(Given entries)

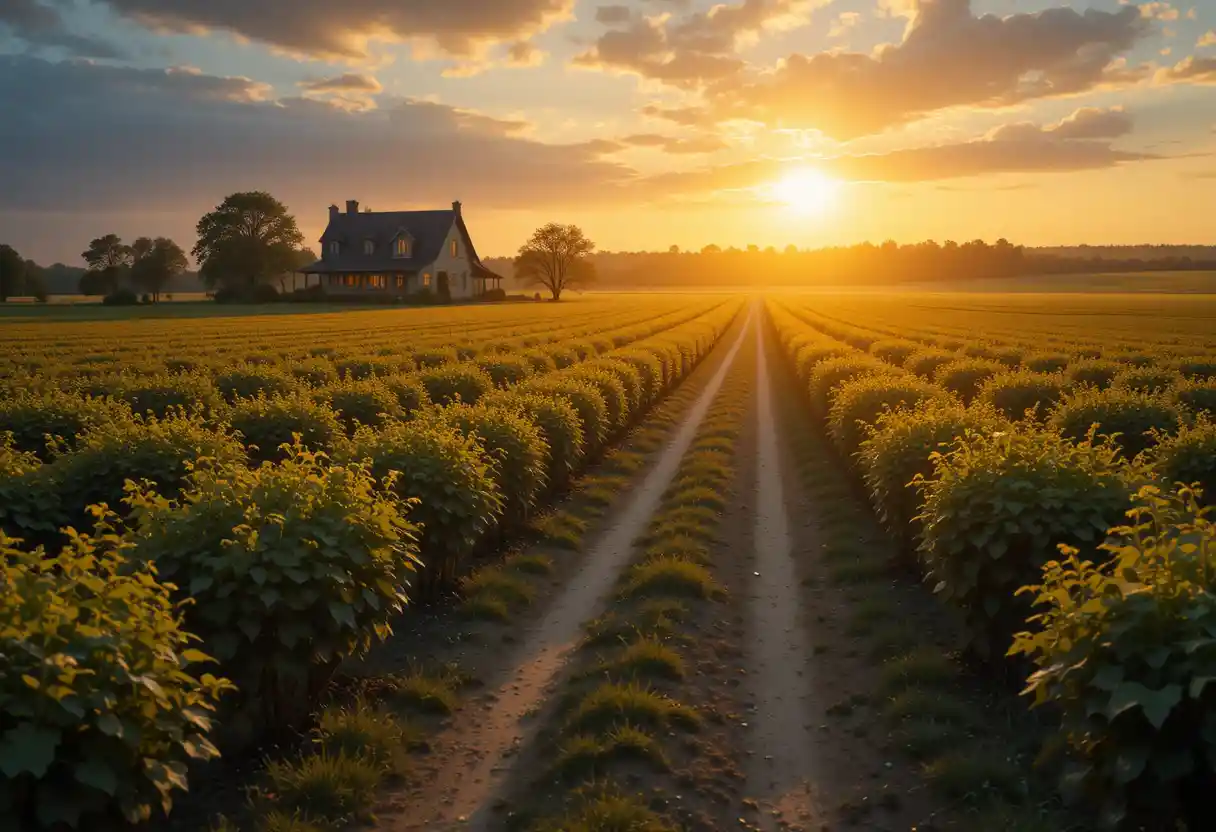 Goldenes Sonnenlicht über Feldern führt zu einem gemütlichen Bauernhaus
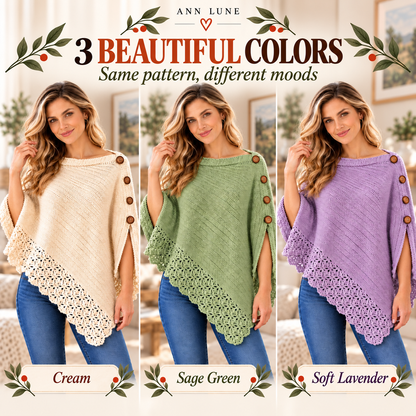Uptown Poncho Crochet Pattern PDF – Lace Trim Button Poncho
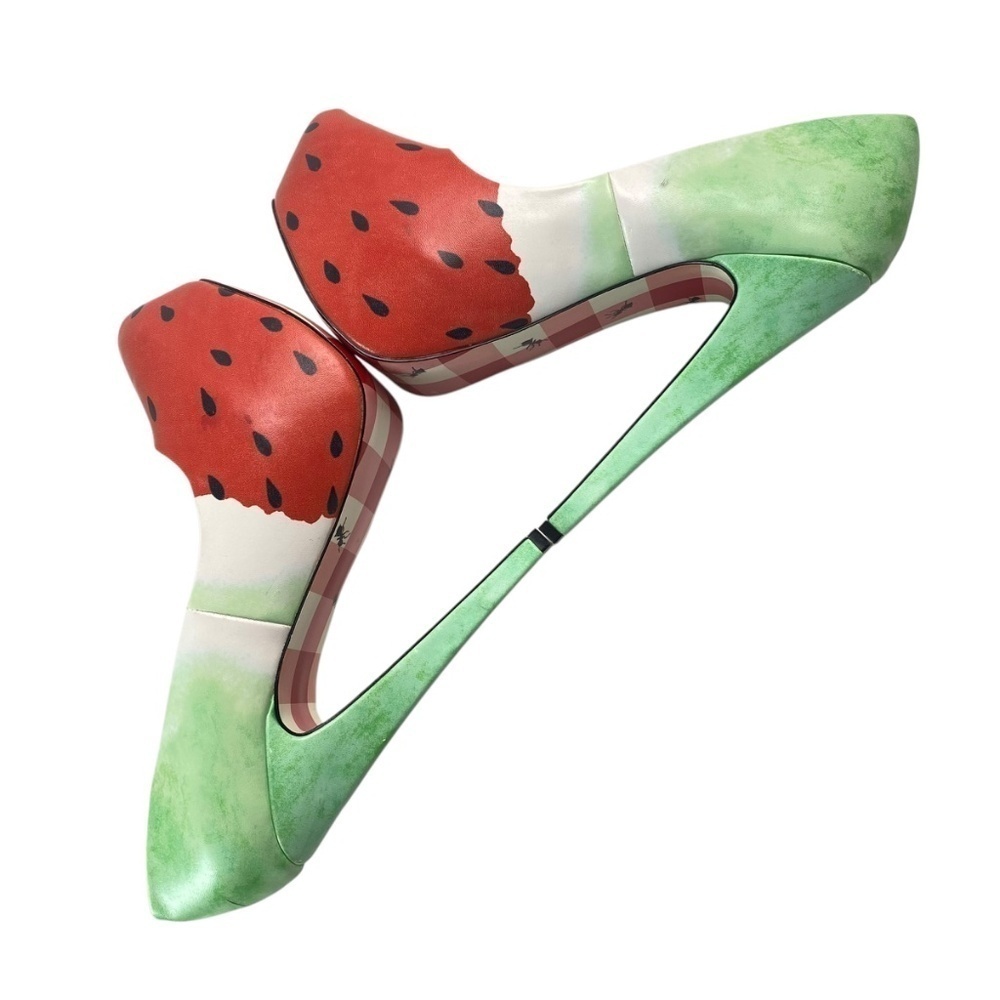 Taylor Says Watermelon Platform Pumps Leather Stiletto Heels Size 10 - Picture 3 of 9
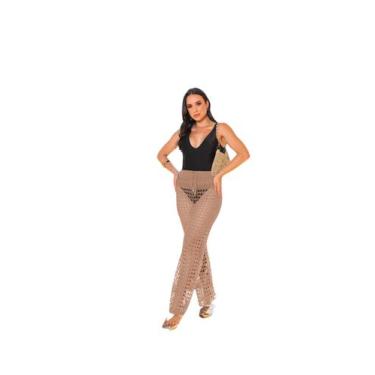 Imagem de Calça Saída De Praia Cintura Alta Tipo Arrastão R157 - Style, Bege, P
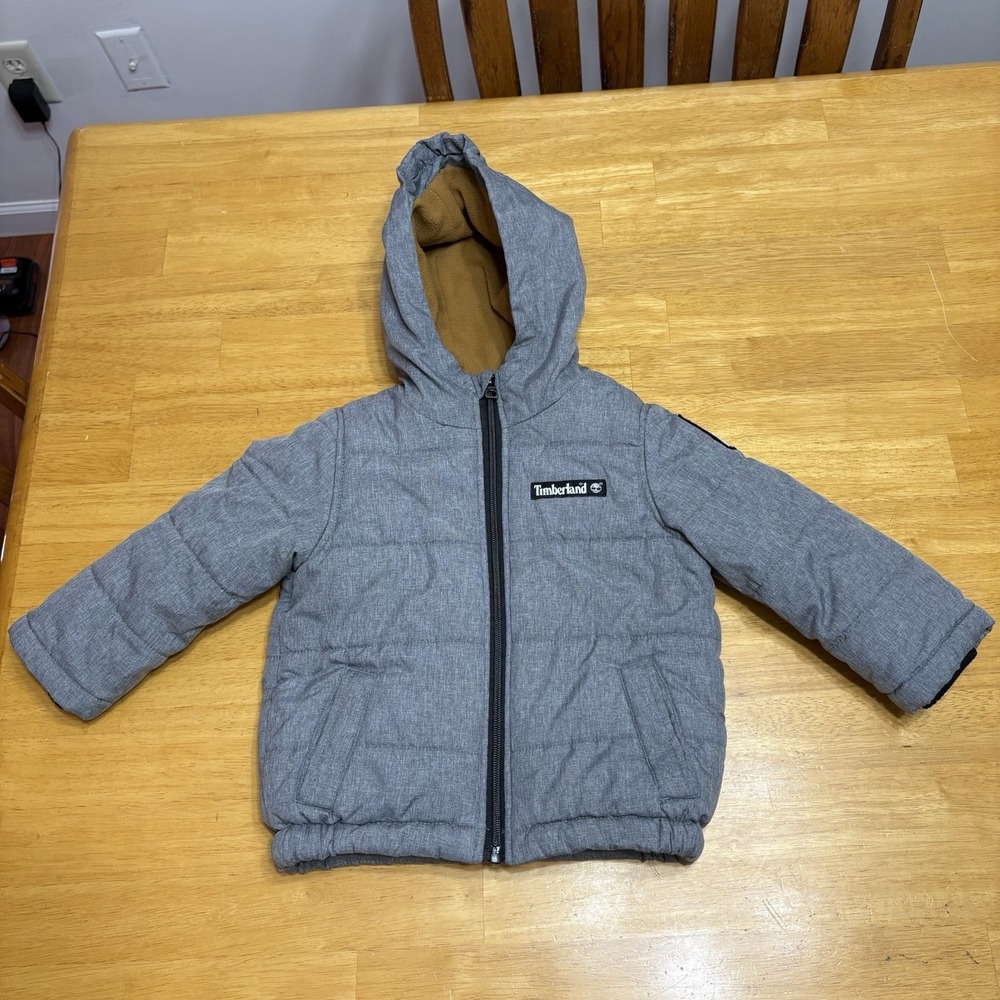 Timberland Puffer Jacket Boys Size 2T Kids Toddler Black Gray Full Zip Hooded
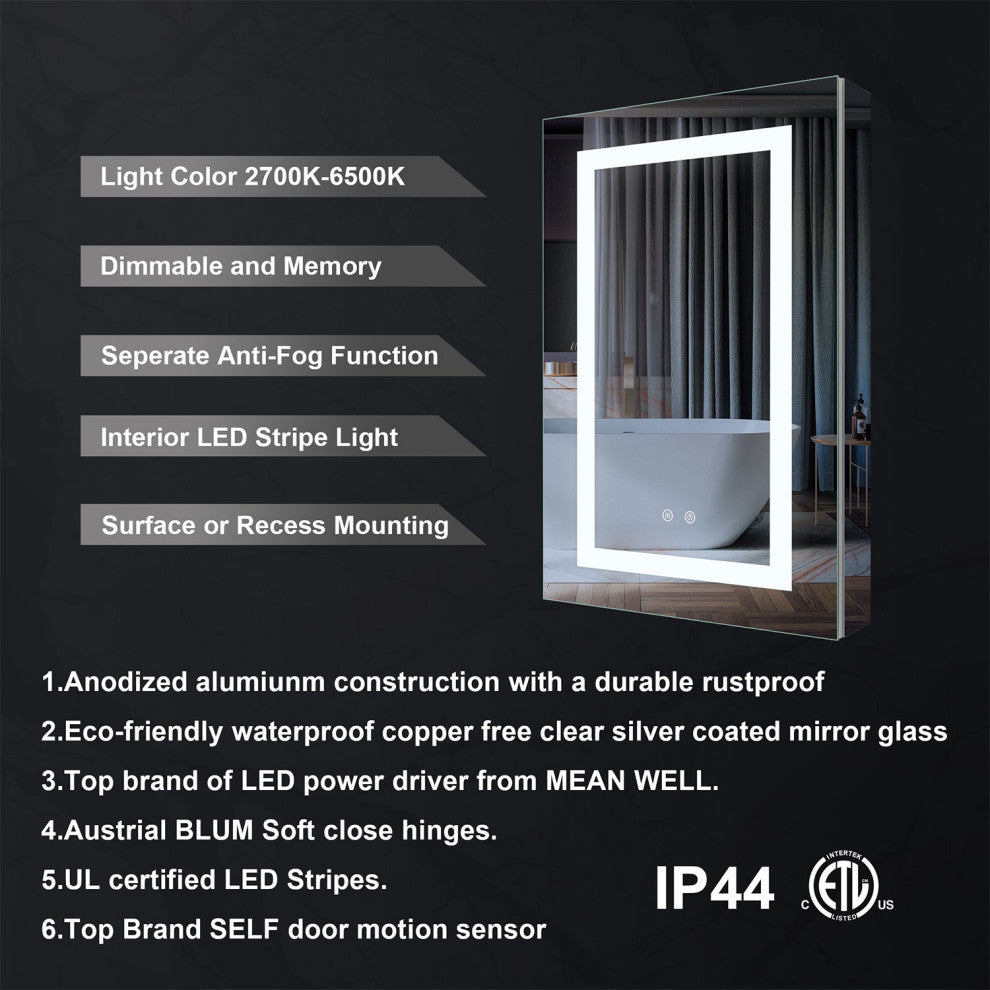 Recessed/Surface Mount LED Medicine Cabinet Mirror with Defogger, 20"x30" Right Hinge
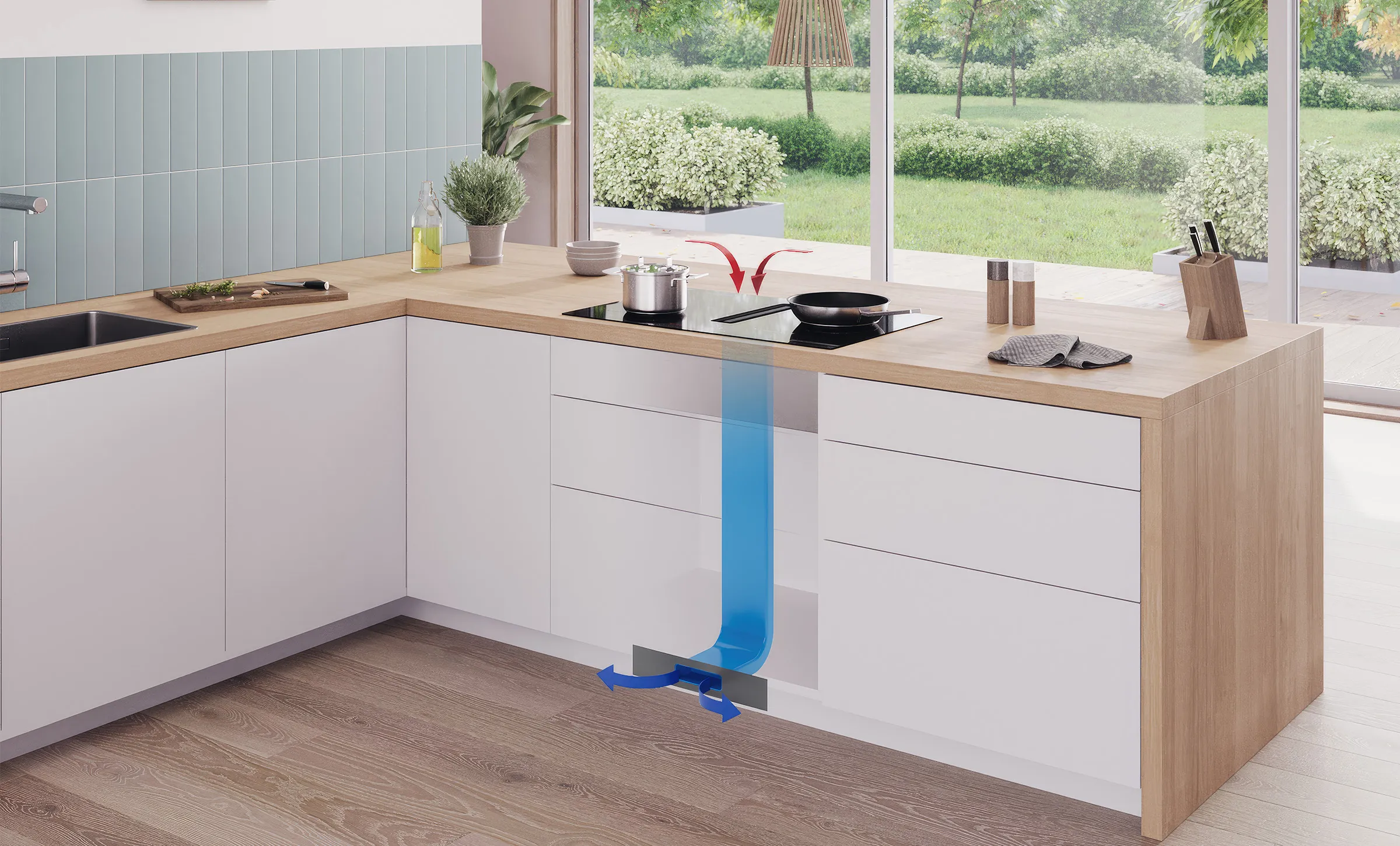 Bosch Kochfeld mit integriertem Dunstabzug. Eine Küchenzeile mit einer transparenten Grafik, die den Umluftbetrieb zeigt: Luft wird nach unten gesaugt und strömt gefiltert aus dem Sockel heraus.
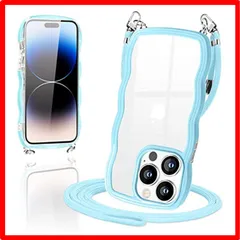 【匿名配送】 iPhone14 Pro_ブルー iPhone14 Pro ケース ショルダー クリア TPU カバー いPhone 14 Pro スマホケース 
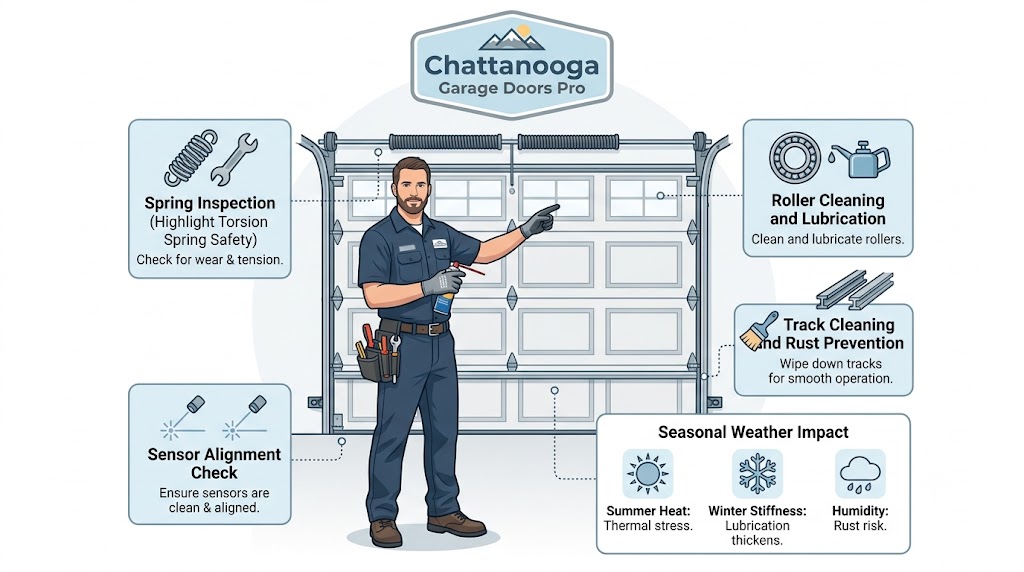 Seasonal garage door maintenance guide for Chattanooga homes throughout the year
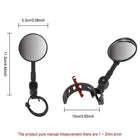 For Electric Scooter Bicycle Rearview Mirror 360 Degree Wide Angle View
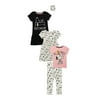 Snoopy Baby and Toddler Girls Dresses, Tee and Leggings, 5-Piece Mix and Match Outfit Set, 12 Months-5T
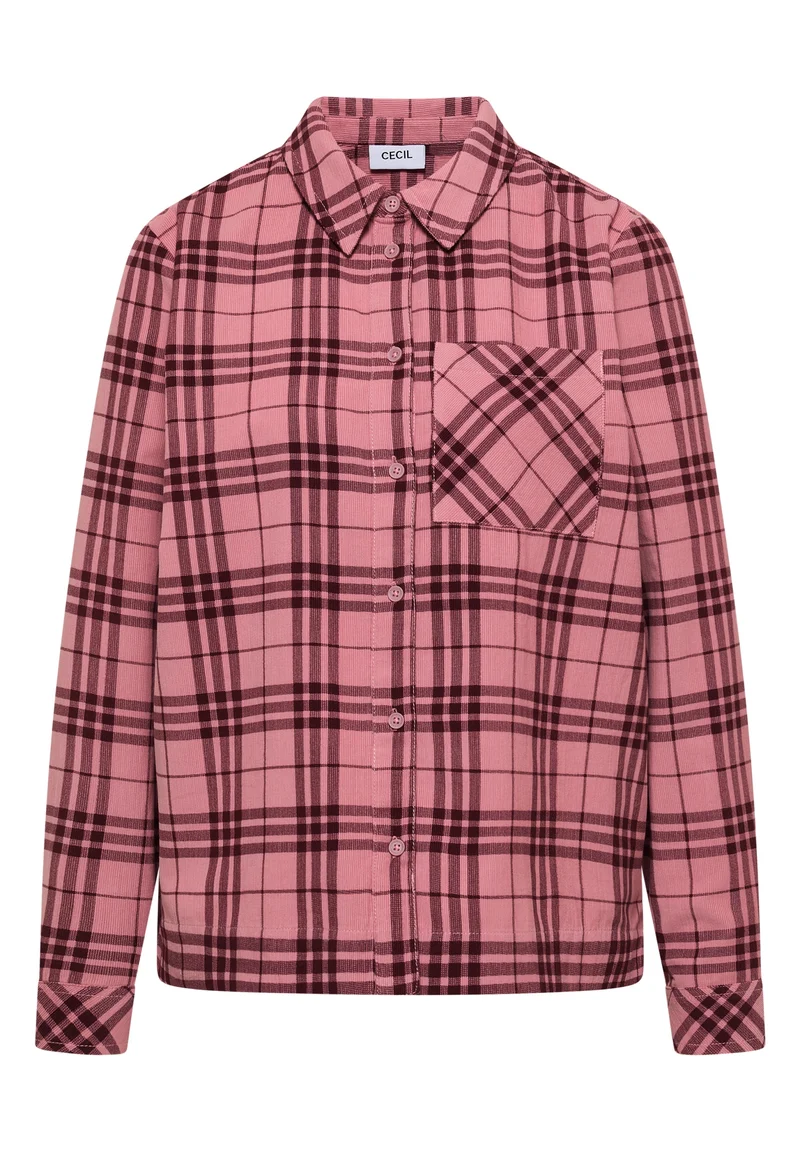 TOS Check Corduroy Blouse, velvet rose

(End Given entries)

● Task instructions: Transcribe the lines above exactly, setting aside any picture among them.

● The completed task:
 Goldenes Sonnenlicht über Feldern führt zu einem gemütlichen Bauernhaus
Uptown Poncho Crochet Pattern PDF – Lace Trim Button Poncho
 Taylor Says Watermelon Platform Pumps Leather Stiletto Heels Size 10 - Picture 3 of 9
 Imagem de Calça Saída De Praia Cintura Alta Tipo Arrastão R157 - Style, Bege, P
 Timberland Puffer Jacket Boys Size 2T Kids Toddler Black Gray Full Zip Hooded
 Recessed/Surface Mount LED Medicine Cabinet Mirror with Defogger, 20"x30" Right Hinge
 Bosch Kochfeld mit integriertem Dunstabzug. Eine Küchenzeile mit einer transparenten Grafik, die den Umluftbetrieb zeigt: Luft wird nach unten gesaugt und strömt gefiltert aus dem Sockel heraus.
 【匿名配送】 iPhone14 Pro_ブルー iPhone14 Pro ケース ショルダー クリア TPU カバー いPhone 14 Pro スマホケース 
 Seasonal garage door maintenance guide for Chattanooga homes throughout the year
 For Electric Scooter Bicycle Rearview Mirror 360 Degree Wide Angle View
 Snoopy Baby and Toddler Girls Dresses, Tee and Leggings, 5-Piece Mix and Match Outfit Set, 12 Months-5T
 TOS Check Corduroy Blouse, velvet rose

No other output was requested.